Anyon Systems's Quantum Computer

Anyon System's superconducting quantum processor.

MONTREAL, Dec. 15, 2020 (GLOBE NEWSWIRE) -- Anyon Systems Inc. (Anyon), a quantum computing company based in Montreal, Canada, announced today that it is to deliver Canadas first gate-based quantum computer for the Department of National Defenses Defence Research and Development Canada (DRDC). The quantum computer will feature Anyons Yukon generation superconducting quantum processor. Named after Canadas westernmost territory, the quantum computer will enable DRDC researchers to explore quantum computing to solve problems of interest to their mission.

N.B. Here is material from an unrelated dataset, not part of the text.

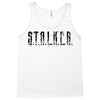 stalker Tank Top
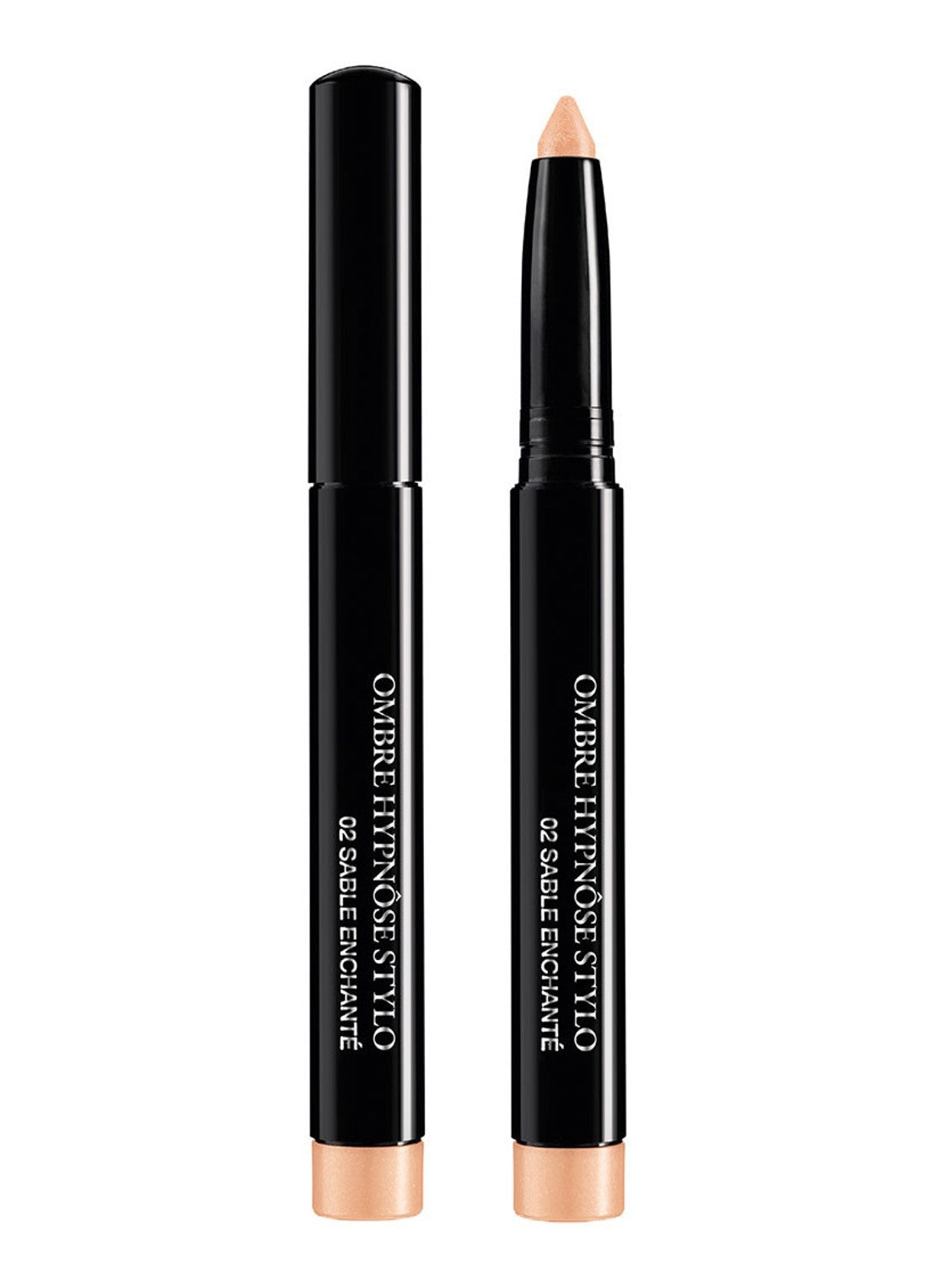 Ombre Hypnôse Stylo Intense Oogschaduw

Quantum computing is expected to be a disruptive technology and is of strategic importance to many industries and government agencies. Anyon is focused on delivering large-scale, fault-tolerant quantum computers to a wide group of early adopters including government agencies, high performance computing centers and universities in the near term, said Dr. Alireza Yazdi, founder and CEO of Anyon.

About Anyon Systems

Founded in 2014, Anyon Systems is the first Canadian company manufacturing gate-based quantum computing platform for universal quantum computation. Anyon Systems delivers turnkey gate-based quantum computers. The company is headquartered in Montreal, Quebec.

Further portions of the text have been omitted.